Exercise instructions:
Your answer must be the lines from the first record through the line that contains "Hi everybody, it's", copied exactly and without any pictures.

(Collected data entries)
==*==
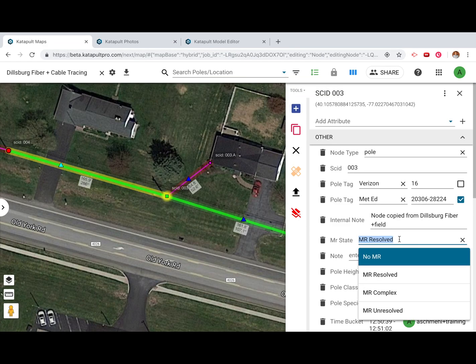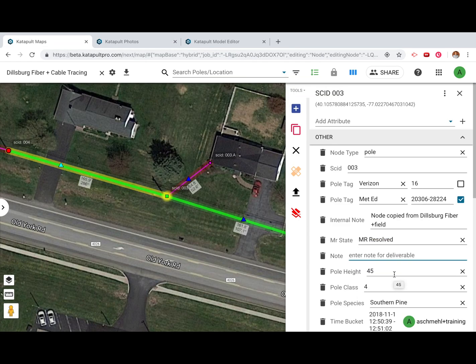You can also use attributes and styles in Catapult Maps to convey additional MakeReady notes, complexity, cost estimates, and more.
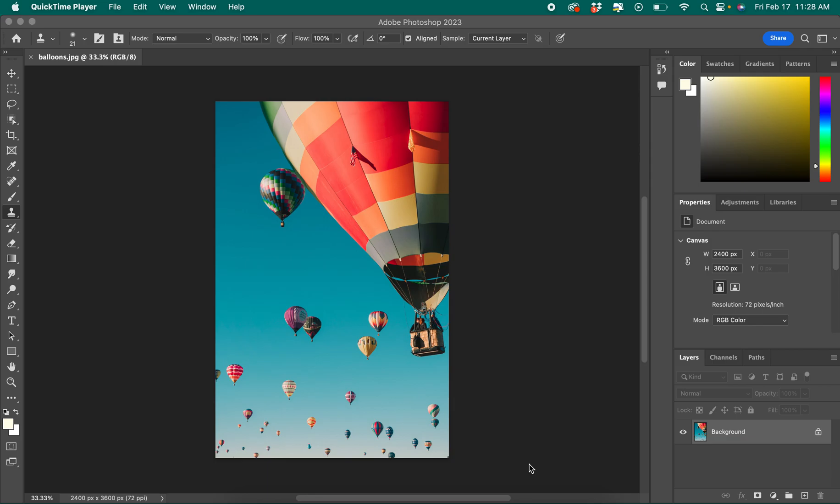In Photoshop, there are many ways to add or remove different elements of a photo, but one way that is easy is the Clone Stamp tool.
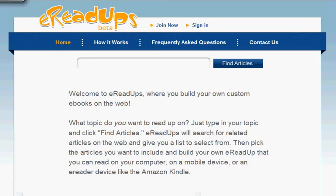Hi everybody, it's Will. Today I'm going to show you how to use a brand new website that we've created called eReadUps.com and show you how you can build your own eBook online on any topic that you're interested in.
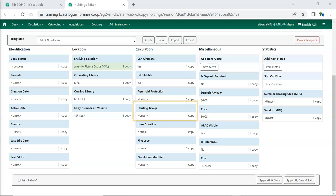Floating is used by libraries or federations that have collections that float between branches or libraries. When a floating item is checked in at a library in its floating group, it will remain at that library rather than go into transit back to the owning library. Only use this attribute if your library is part of a floating collection.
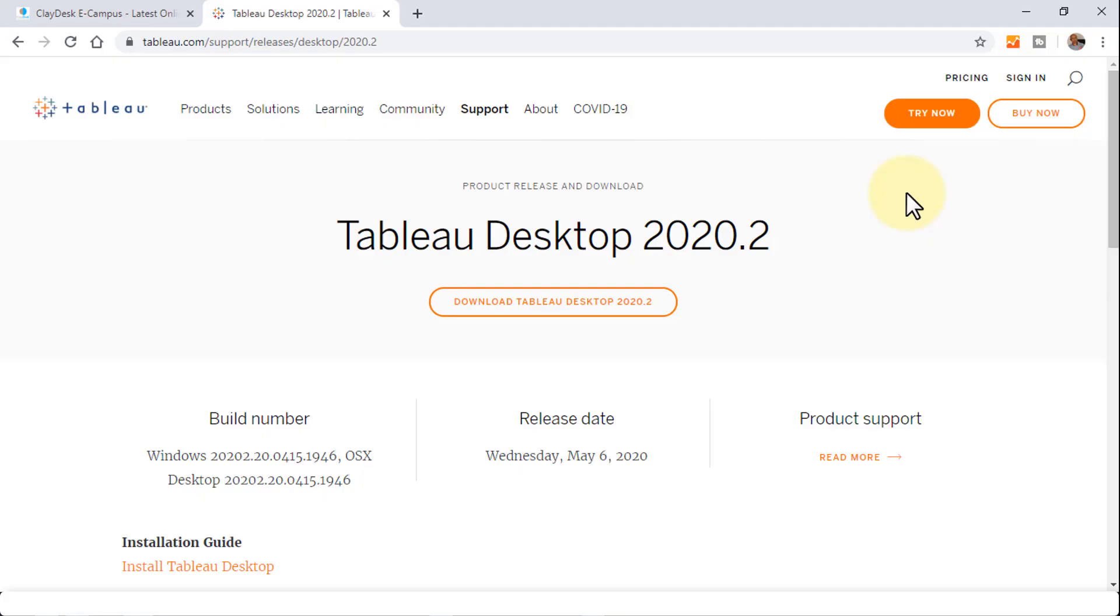Welcome back. In this lecture, I'm going to talk about how to download Tableau Desktop 2020.2, which is the latest version.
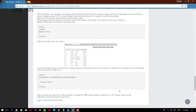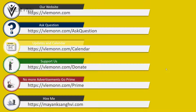Now we have two options for hiding our toolbar or header for IBM Cognos Viewer. The first one is JavaScript and the second one is CSS. Choose what you like and that's it for this video. If you like this video, don't forget to click subscribe, share it with your friends, provide your feedback, and see you all in the next IBM Cognos Report Studio tutorial video.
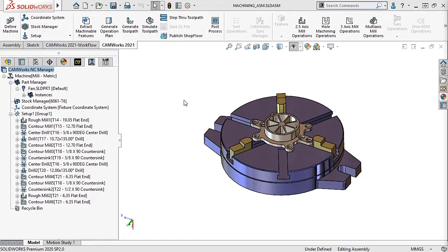In previous versions of CAMWorks, the stock type could only be defined from either a bounding box, an extruded sketch, an STL file, or another part file. Now in CAMWorks 2021, we can define a cylindrical stock for mill parts.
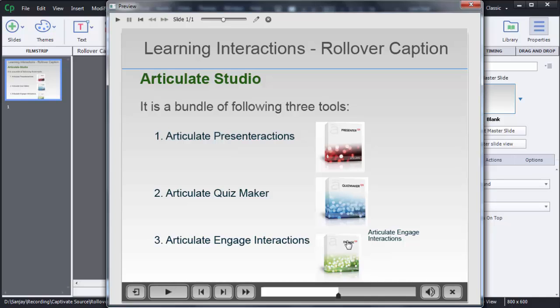So this is how we can add rollover captions in our course. Thanks guys for watching this video. If you like this video please subscribe to my channel E for E-Learning and like this video.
==*==
Result:
You can also use attributes and styles in Catapult Maps to convey additional MakeReady notes, complexity, cost estimates, and more.
In Photoshop, there are many ways to add or remove different elements of a photo, but one way that is easy is the Clone Stamp tool.
Hi everybody, it's Will. Today I'm going to show you how to use a brand new website that we've created called eReadUps.com and show you how you can build your own eBook online on any topic that you're interested in.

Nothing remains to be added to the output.